Tuesday, May 17, 2011

18 May 2011 - Koramba Cotton, NSW


The sun is shining and the breeze seems to have dropped a little since earlier this morning. That will please Chris and his co-workers in the field. I am back from my walk, an abbreviated one hour, as per yesterday. I have a lot of book work to deal with this afternoon.

Yesterday brought a couple of surprises. When I got down to the “main” road, before setting off up “my” road, I found that the grader had been through, and the water cart was keeping the centre irrigated.

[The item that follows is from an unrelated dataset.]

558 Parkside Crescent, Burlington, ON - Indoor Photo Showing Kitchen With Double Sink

I am wondering whether the woman at the Talwood store did in fact have a word in the ear of the road construction crew, as I had suggested, and ask them to just pop over the border and tidy up the kilometre to Koramba Cotton’s gate? If so, we will forever be in her debt!

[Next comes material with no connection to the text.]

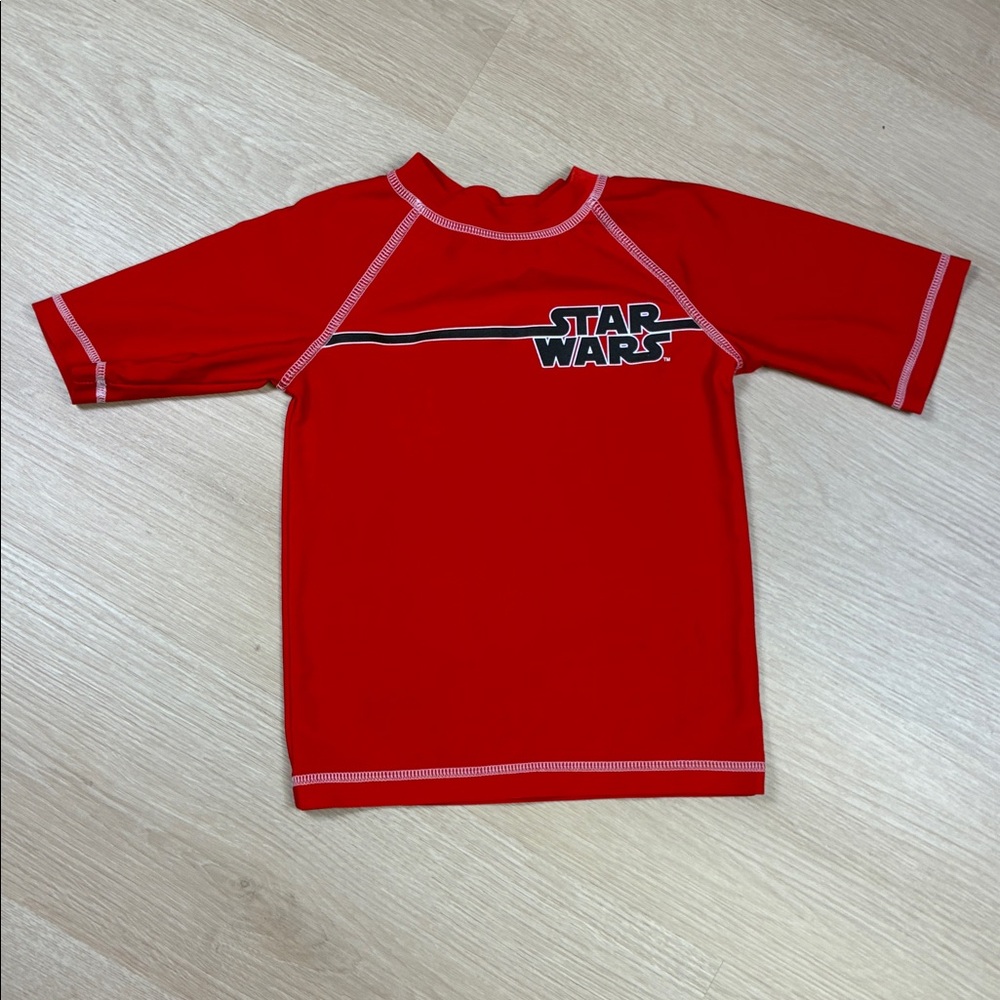 Star Wars Short Sleeve Red Rash Guard Swim Shirt XS 4/5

This morning the water cart driver was passing doing his thing when I came back out on to the main road. I waved and gave him a thumbs up signal. Hopefully he understood what I was trying to convey.

The second surprise was one of those amazing co-incidences that occur in life. Late in the afternoon, a ute and fifth wheeler pulled in to the camp and set up beside our van. Another usurper, I muttered. I greeted them briefly as I moved our grey water hose away from their site, and then left them to set up.

Lynette came over after a little while, introduced herself properly and gave a brief overview of who and what they were. ”So where are you from”, I asked, having detected what I thought to be a non-Aussie accent.
“Whangarei”, she said.
Now my deafness does get things mixed up sometimes, so I said, “Pardon, where?”
She repeated the same, and I said, “So do we come from there.”
She then added, “Onerahi”.
Now how can it be after all these months of having encountered no other Kiwis, except for those we did when we first arrived in Brisbane and on the Sunshine Coast, even though everyone said, “There are so many Kiwis traveling – you will meet them everywhere”, that we should meet not only fellow Kiwis, but those who lived just a kilometre from us! (Now if Chris was editing this, he would have me correct the fact that it is I who am the Kiwi, not him. He is proudly an Australian, returning home after years in exile.)

Lynette and her partner, Mike, are employed by Labour Solutions, as is Chris. They were promised six weeks of work here, however only a further week on the harvest doing the same as Chris. After that they believe they will be involved in the mulching and replanting. This morning, they headed off in their very clean Labour Solutions fluoro vests with Chris to the gate. I do wonder how Lynette will find the work, however she is younger, fitter and probably more motivated than I.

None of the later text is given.